Monday, August 09, 2010

Internals of online index build

Internals of online index build:
Basic premise for online index build, which was introduced in Oracle 8i, was to let DML's to continue while online index build is in progress. It greatly improved database availability for most of the applications. But it suffered from complete hang of DML's during initial and end phases of online index build, which is resolved in 11g.

The way online index build (OIB) works is by creating an IOT journal table to keep track of changes while the OIB is in progress and merge all the changes from journal table to complete index build operation.

If I have a table with the structure of (A NUMBER, B NUMBER, C CHAR(100), D NUMBER) and to create index on (A, B, C) column, Oracle would create journal table like:

create table "ORACLE"."SYS_JOURNAL_18155" (C0 NUMBER, C1 NUMBER, C2 VARCHAR2(100), opcode char(1), partno number, rid rowid, primary key( C0, C1, C2 , rid )) organization index;

Before 11g, OIB will get in the DML queue to lock the table exclusively while preventing the new DML's to go through, once all the active transactions (ones which were initiated before the OIB) are completed, OIB will create the journal IOT table and release the exclusive table lock (it'll still keep the share lock on the table to prevent any other DDL's) for DML's to continue.

As part of journal table creation, Oracle would create an internal trigger on the primary table to record all the changes to the journal table. Along with using all the index columns, journal table will add "ROWID" to that list to make it as primary key.

"OPCODE" column represents the type of operation like "I" for Insert and "D" for Delete.
"PARTNO" column represents partition number of the underlying table.

Among all the changes to a given row for any of the index key columns, only the most recent change for that record is visible in the journal table. Any update operation of index key columns would be converted to "DELETE" and "INSERT" in the journal table.

While rest of the user sessions populate journal table with the ongoing changes for index key columns, OIB session would be reading the table in consistent mode (as of the time journal table is created) to create the index followed by the final merge operation.

During the merge process, Oracle will read the journal table (IOT) leaf blocks from left to right to merge those changes with the index being built. As the journal table leaf block changes are applied, once a leaf block is fully consumed, it's reference will be deleted from the branch block.

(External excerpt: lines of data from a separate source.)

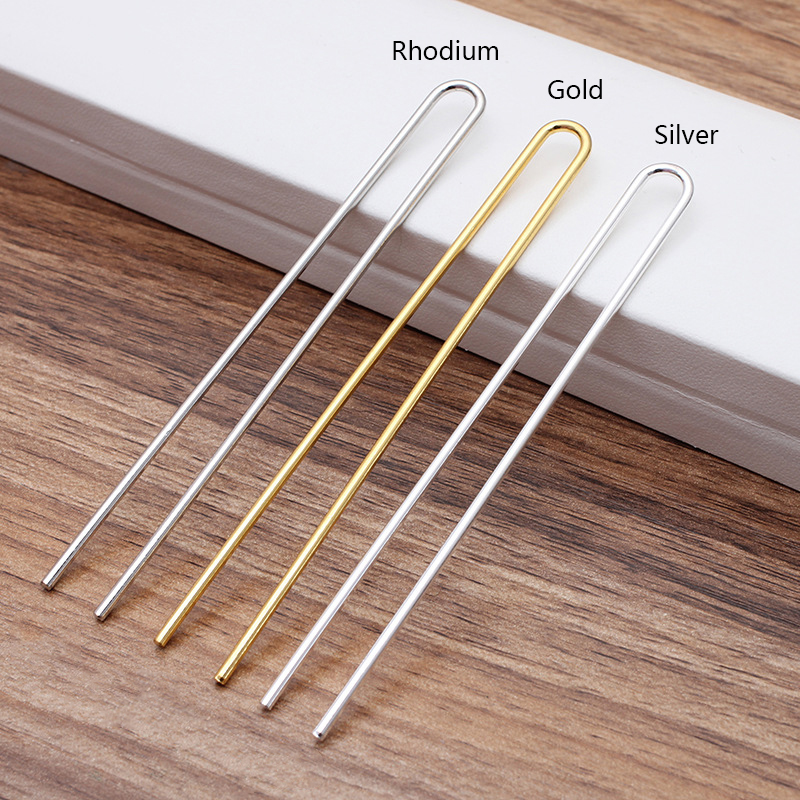 10 stücke DIY Haar Klebt 110x2mm roh Durcheinander Gold Farbe U bilden Haar Stifte leer Basis Einstellung für Frauen Haar Schmuck Machen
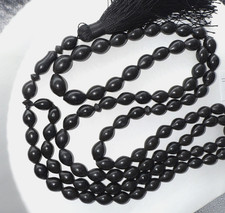 LARGE BLACK  99 BEADS   GENUINE SHAH MAGHSOUD 89 cm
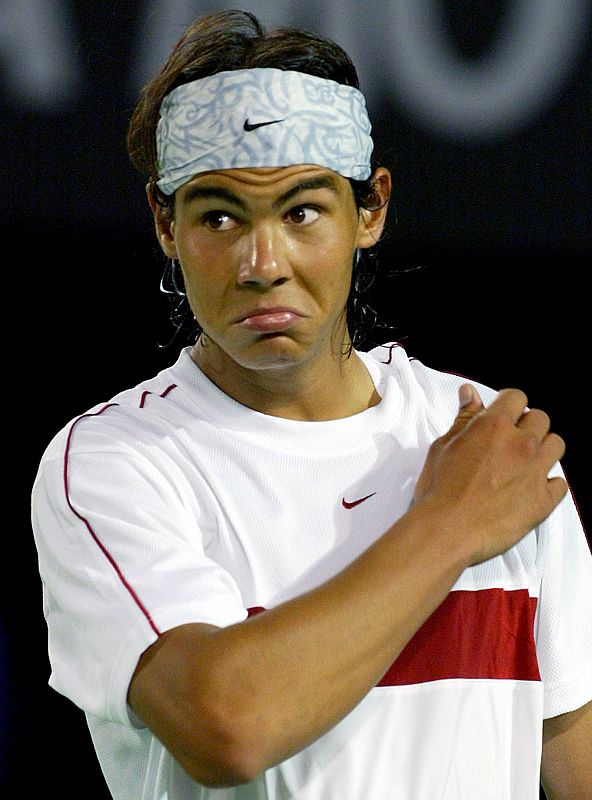 Nadal, durante un partido de tercera ronda en el Masters de Melbourne de 2004.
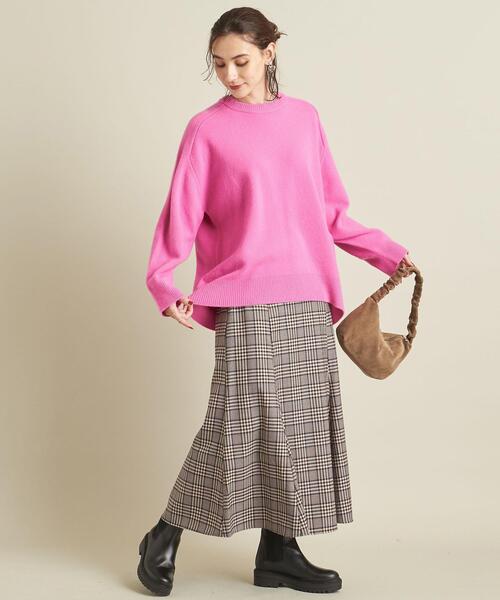 ユナイテッドアローズ  ウールカシミヤ アクア クルーネック ワイドニット BEAUTY&YOUTH UNITED ARROWS（ビューティーアンドユースユナイテッド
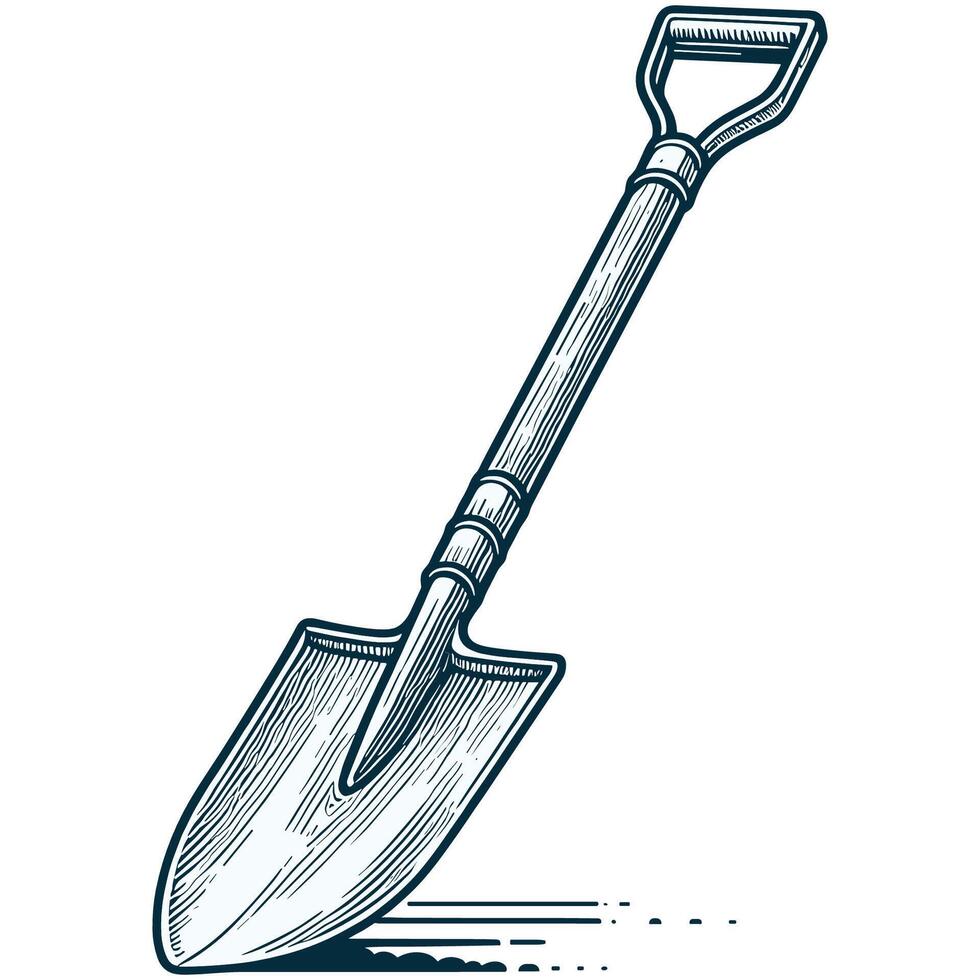 Detailed Illustration of a Garden Shovel with Textured Handle and Blade vector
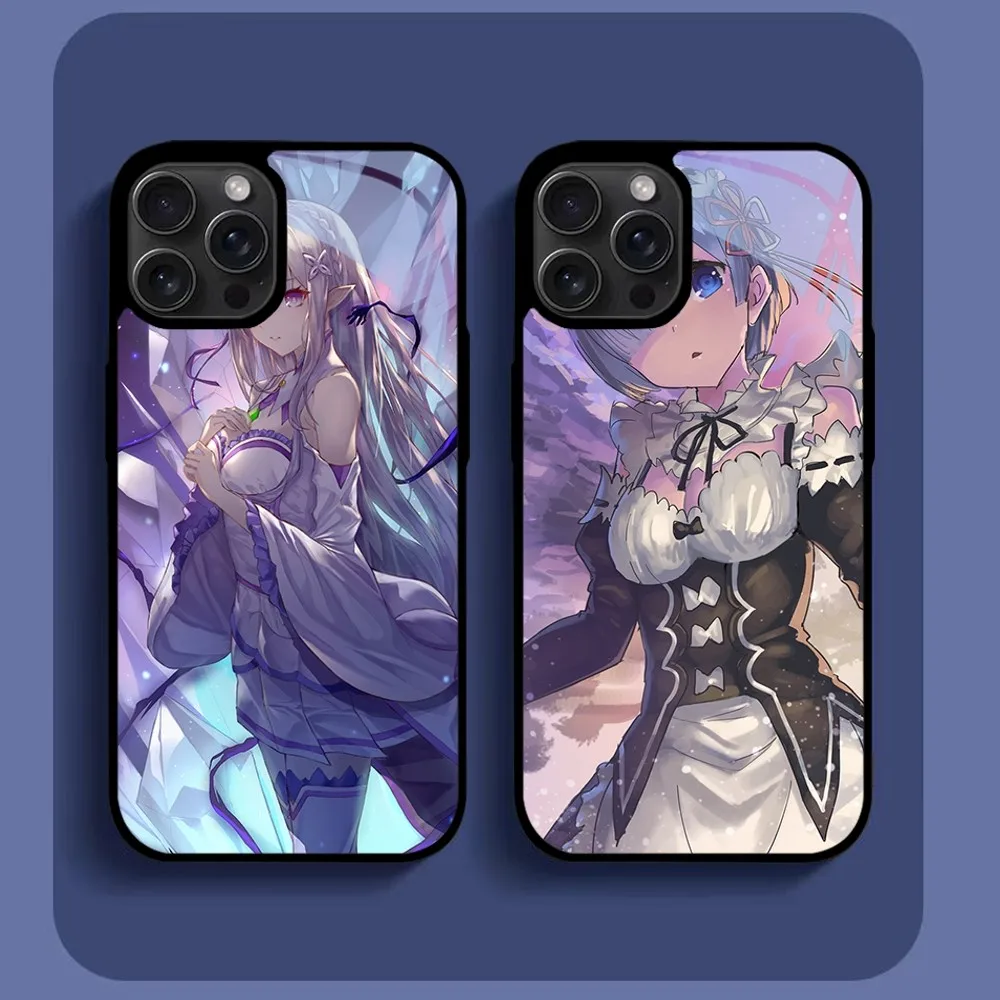 

Re Zero Rem Emilia Anime Phone Case For IPhone16 15 14 13 12 11 Pro Xs Max Mini XR X 7 8 Plus Luxury Mirror Hard Funda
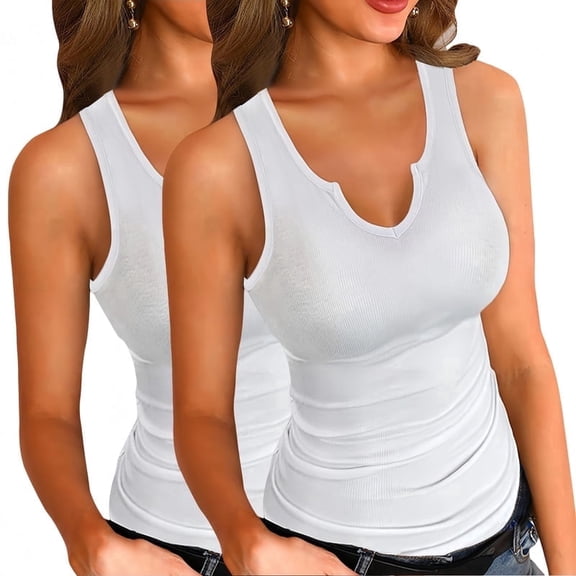 Vafful Tank Tops for Women Basic Sleeveless Shirts 2 Pack V Neck Ribbed Slim Fitted Tank Tops Workout Summer Blouse Sporty Sexy top Cami Ribbed Racerback Black and White S-XXL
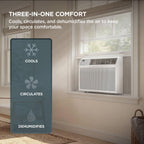 tcl 10,000 btu smart window air conditioner, fan, side view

This process will continue until all leaf blocks are consumed and when it comes to the last leaf block, Oracle would stop all the DML's again to do the final merge and drop the journal table before releasing the mode 6 exclsuive table lock.

As each leaf block is consumed, Oracle would mark each entry as deleted. If more DML's happen while Oracle is doing the merge, it'll do one more pass of walking through the leaf blocks, this process continues until the merge process is all done.

If there is any long running DML before issuing the OIB, Oracle would wait on the long running transaction and it will prevent upcoming DML's also. This is one of the major problems with OIB. Same thing can happen when it is doing the final merge.

With 11g, significant changes were introduced to address all these problems.

Oracle will still wait for long running transactions to complete before starting the OIB process, but it will not block the upcoming DML's. Oracle will not use exclusive table lock (mode 6) for OIB, which will eliminate any DML hang situations.

As soon as OIB process is initiated, Oracle will create IOT journal table and use internal trigger on the underlying table to keep track of the changes.

Once the journal table is created and the long running transactions are completed, Oracle will create the index by reading the table blocks in "CURRENT" mode, which means any committed changes in a block happened before the current SCN are read instead of the old way of accessing the blocks as of journal table creation time. This will virtually eliminate chance of running into rollback segment too small errors.

Oracle will recreate the internal trigger to directly modify the target index structure once the index build is completed (but the merge job is still pending). This means all user sessions will now directly update the target index instead of updating the journal table. Any change coming through would first be checked in the journal table before consolidating the change for the target index (this is best explanied with the example below).

Record "A" was inserted with rowid "RID" before the merge phase and hence it is tracked in the journal table.
Record "A" was deleted during the merge phase. Now the user session will read the journal table by record "A" with rowid "RID" and apply that change to the target index before deleteing the same record. It will also mark that record as consumed (i.e. deleted) in the IOT journal table leaf block.

While the user sessions continue to update the target index with the ongoing changes, OIB session will do the merge of journal table changes into the final index, as there will not be any ongoing DML changes being tracked in the journal table, this process will complete faster than before (i.e. pre 11g).

If you are creating unique index online, that uniqueness will not be enforced in the IOT journal table, but rather in the target index from the initiation of build/merge phase.

If you are creating either a reverse key index or global hash partitioned index to resolve any index contention (because you have sequentially increasing leading key column), then the OIB process will suffer from the contention because the underlying IOT journal table is created as normal B-tree index (i.e. no reverse key or hash partitioning).

I've created enhancement request 9912950 for this issue with Oracle support. Hopefully they resolve it in 12g.